El bloqueo más absoluto me invade. La contradicción se
hace dueña de mi mente y mi cuerpo, que luchan en una batalla por ganar al
otro. Mi cama se convierte en el altar que me sostiene, inmóvil, deseando
estallar en mil pedazos y salpicar, salpicar por dondequiera.
Nada queda claro. El qué hacer más generalizado se
convierte en una duda que comienza a sangrar y, sentada en mi cama con la mente
en stand by, planeo planear algún plan
aplazado en otras ocasiones de similar confusión que jamás llevaré a término.
Me sumerjo en más dudas, tan densas que me hacen
imposible, imposible, imposible salir a flote…
Sobre mí, sobre lo que veo ahí afuera. Revuelvo de forma
casi enfermiza entre mis pensamientos, preguntándome, cerciorándome de si lo
hecho está mal, de si hice realmente bien lo que en su momento consideré nada
más y nada menos que correcto.
Las voces en mi cabeza se confunden con las que vienen de
fuera. Me saturan, me convierten en algo tan minúsculo que apenas me siento
capaz de efectuar maniobra alguna.
La incapacidad se hace un hueco y ataca a bocajarro: imposibilidad
de sentirme bien o simplemente viva. La firmeza se esfuma y se convierte en la
laguna en la que nado, densa, densa y oscura, mi particular mar de dudas.
Frustración e impotencia, insatisfacción y una vez más
incapacidad de convertir cualquier acto en un halo de firmeza. El fondo de mi laguna
son arenas movedizas que, junto con las voces externas, me atrapan a cada paso e
inspeccionan mi pisada, cada vez más de puntillas, cada vez más débil.
Equivocación. Fraude. Mentira. Decepción. Multiplícalo
por mil y avisada quedas. Y enfado. Y llanto. Y tristeza. Mucha tristeza.
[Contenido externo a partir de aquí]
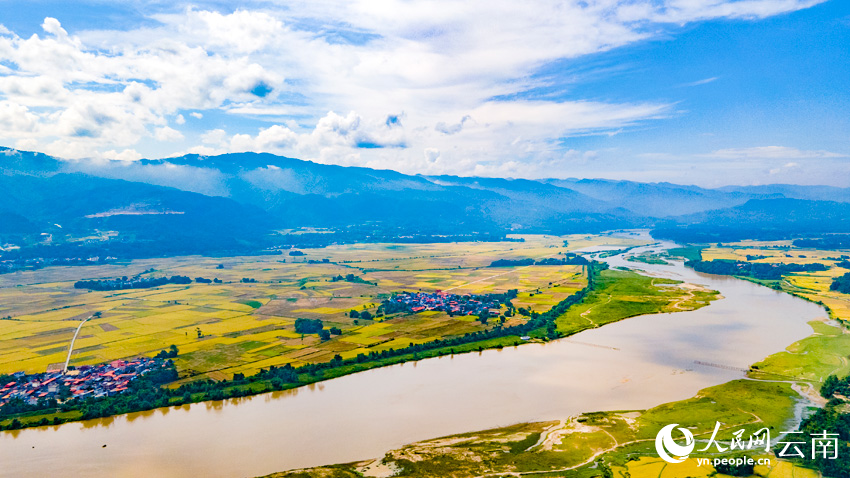 Golden rice fields signal bountiful harvest in SW China's Yunnan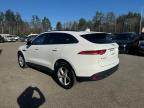 JAGUAR F-PACE PRE photo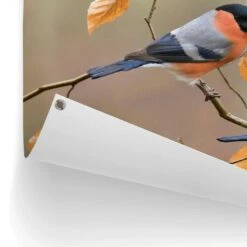 Tuinposter Goudvink 60x80 Cm Oranje 8 Tuinposter Goudvink 60x80 Cm Oranje -Tuinwinkel 1000088338 0102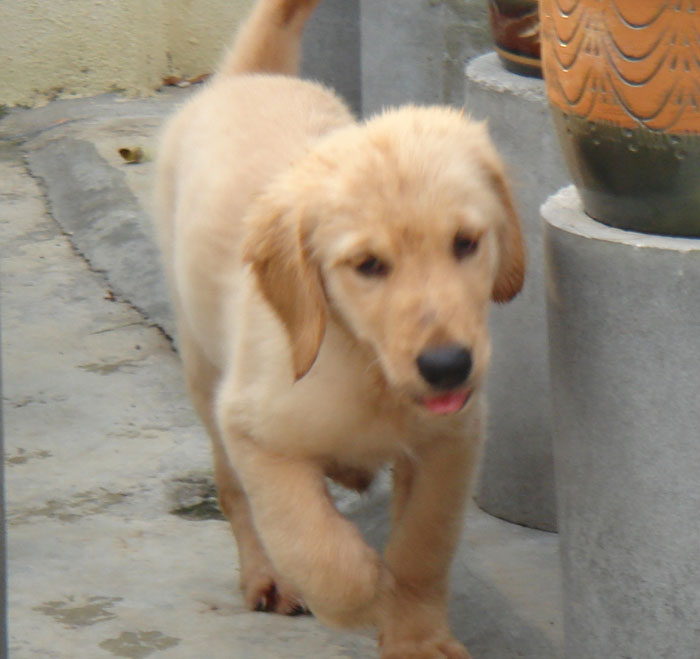 golden retriever malaysia golden retriever for sale malaysia photo golden retriever malaysia golden retriever for sale malaysia photo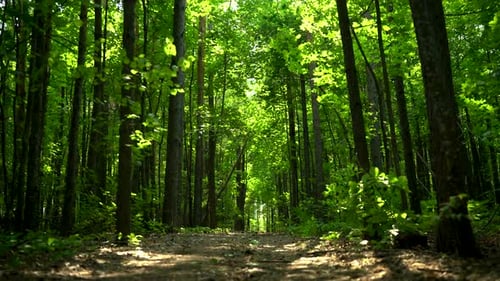 Walking Along a Forest Path Among the Trunks of Green Trees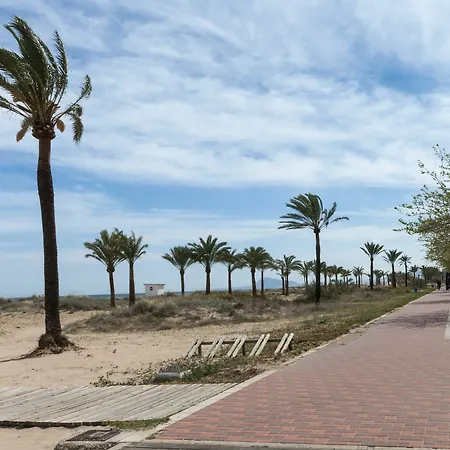 Ulises * Gandia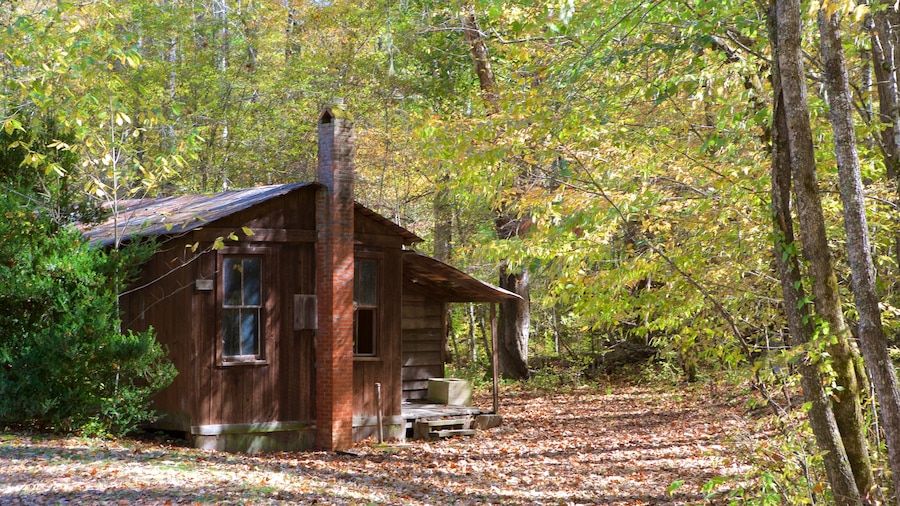 Charlotte que incluye bosques, situaciones tranquilas y una casa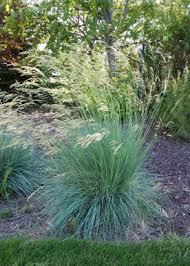 Attēlu rezultāti vaicājumam “Helictotrichon pratense leaf”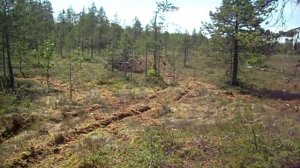 Проходимость Квадроцикла по Болоту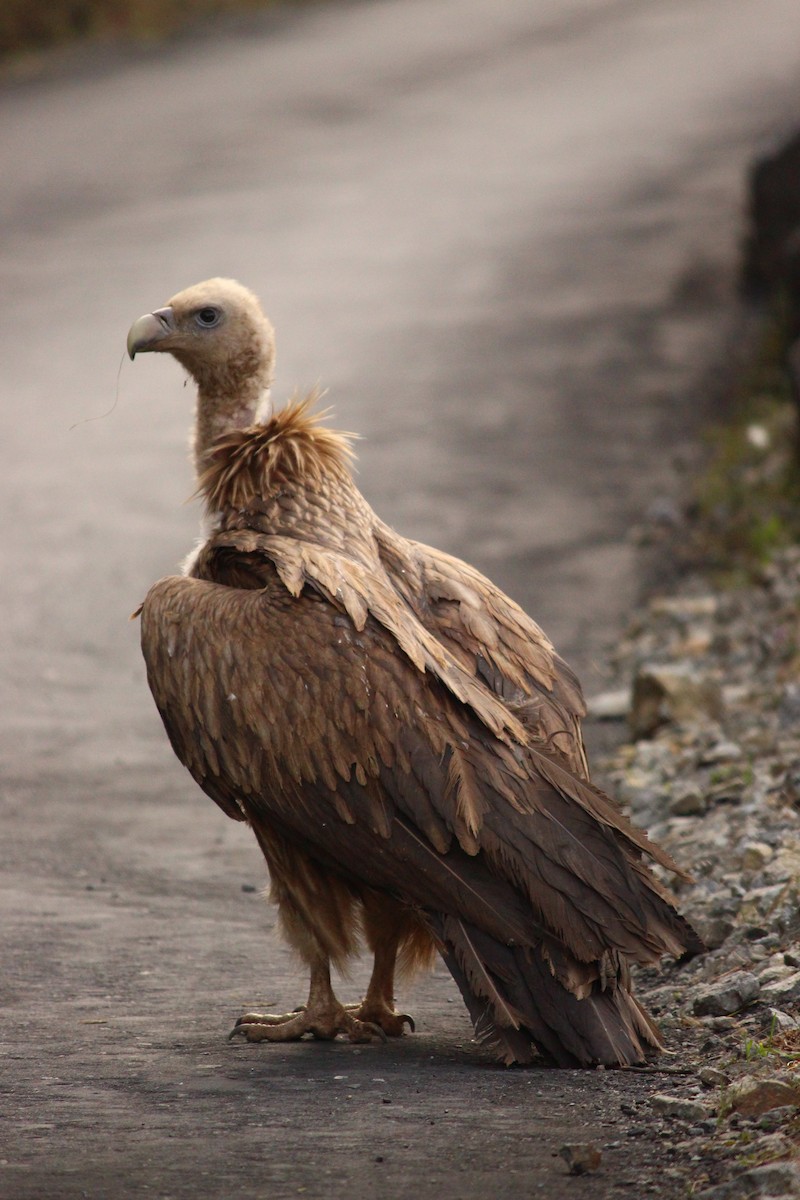 Himalayan Griffon - ML630100834
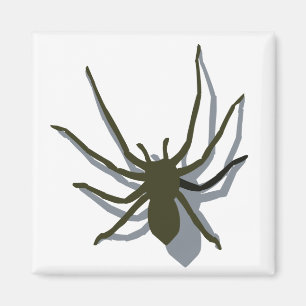 Spinne mit Schattenmagneten Magnet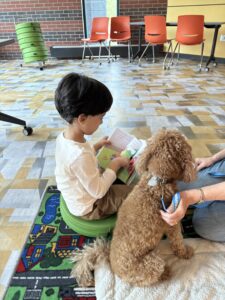 child reading a book to a curly-haired tan dog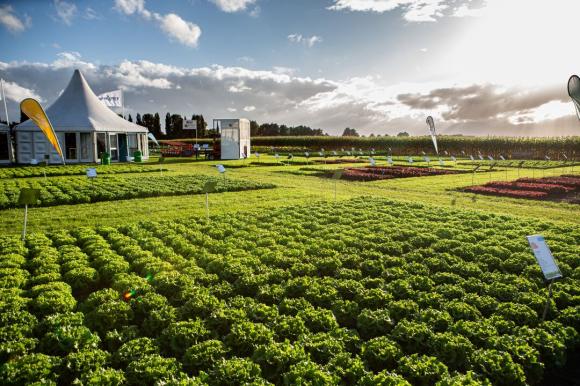 Изложение в Нидерландия ще покаже иновации за зеленчукопроизводителите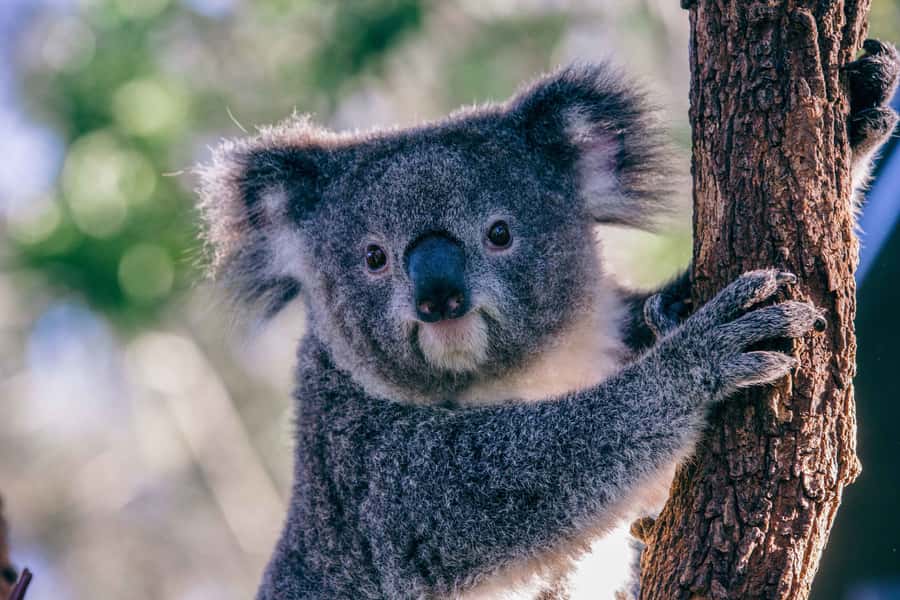 Sydney: Taronga Zoo Tickets - My tips for making the day work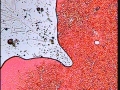 126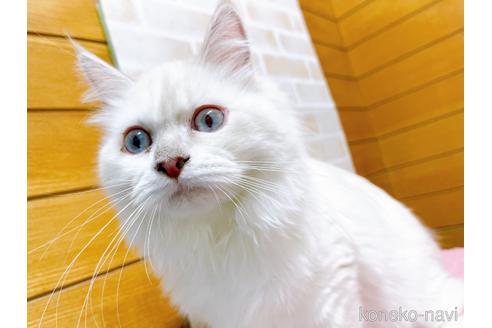 成約済の東京都のラグドール-34507の13枚目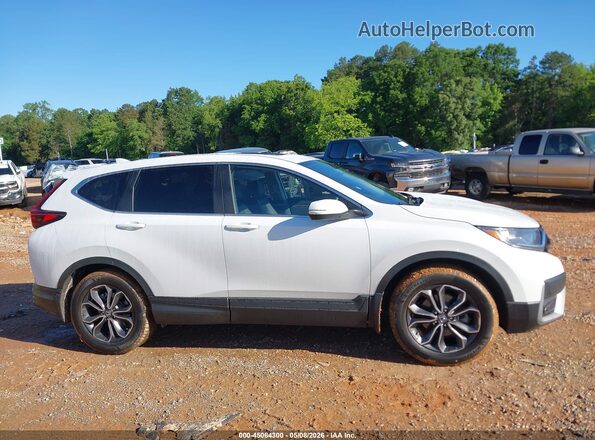 5J6RW1H80LL014788 2020 HONDA CR-V White Widok wnętrza z tyłu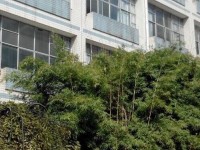 貴州貴陽中山科技幼兒師范學(xué)校2023年學(xué)費(fèi)、收費(fèi)多少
Como
si los errores fueran algo intrínseco en mí –solo en mí- y no en el ser humano.
Como si la firmeza que he de desarrollar –quizá algún día- dependiera de esas
voces, las voces de fuera, las que me atacan, me confunden, me disuelven y me
apartan de lo que un día esperé, fuera lo correcto o simplemente MÍO.